A few years ago, SAP was making two statements:
- SAPHANA would replace traditional databases and
- SAP’s goal of becoming #2 DB vendor by 2015.
On Jan 13, 2013, instead of delivering that message in a simple, easy-to-understand language, they chose diplomatic route. By doing so, they,in my opinion, demonstrated a tremendous level of confidence on SAPHANA technology.
I heard SAP’s message loud and clear: The customers would be better off with their SAP running on HANA.
This message was based on:
Innovations in the SAP Business Suite, such as push down of data centric processing logic from the application server to database tier via stored procedures would be made available to other databases too making them perform better too. (Source: A promise delivered – SAP Business Suite Is Now Powered by HANA – Vishal Sikka )
Let us see if this is viable. Dr Hasso Plattner also mentioned three things:
- Pushing the business logic to DB layer is viable today due to the advances in technology.
- DB manufacturers would be asked to develop/enhance their product to support new SAP code.
- Where new way of doing things doesn’t make sense, despite (b), existing code would be used for backward compatibility.
Let me explain why I’ve trouble following this:
The diagram below explains how data is processed today.

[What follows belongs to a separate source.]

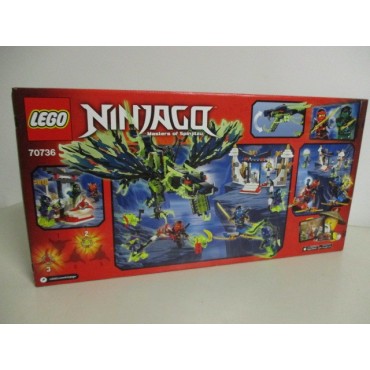 LEGO NINJAGO 70736 ATTACK OF THE MORRO DRAGON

On the left side, we’ve application servers (6 servers in the diagram) to process the business logic. The application servers contain several buffers to minimize the number of accesses to the database. The purpose of buffers is explained by Thomas Schneider’s SAP Performance Optimization:
Every SAP instance has various buffers, in which data to be accessed by users is stored. When the data is in the buffer, the database does not have to be accessed, because buffers enable direct reads from the main memory of the application server. There are two advantages to this:
1 Accesses to SAP buffers are normally 10 to 100 times faster than accesses to the database.
2 Database load is reduced. This is increasingly important as your system grows in size
Since the database server is expected to handle minimum essential tasks, the size of that server is smaller than the sum of the capacities of all application servers.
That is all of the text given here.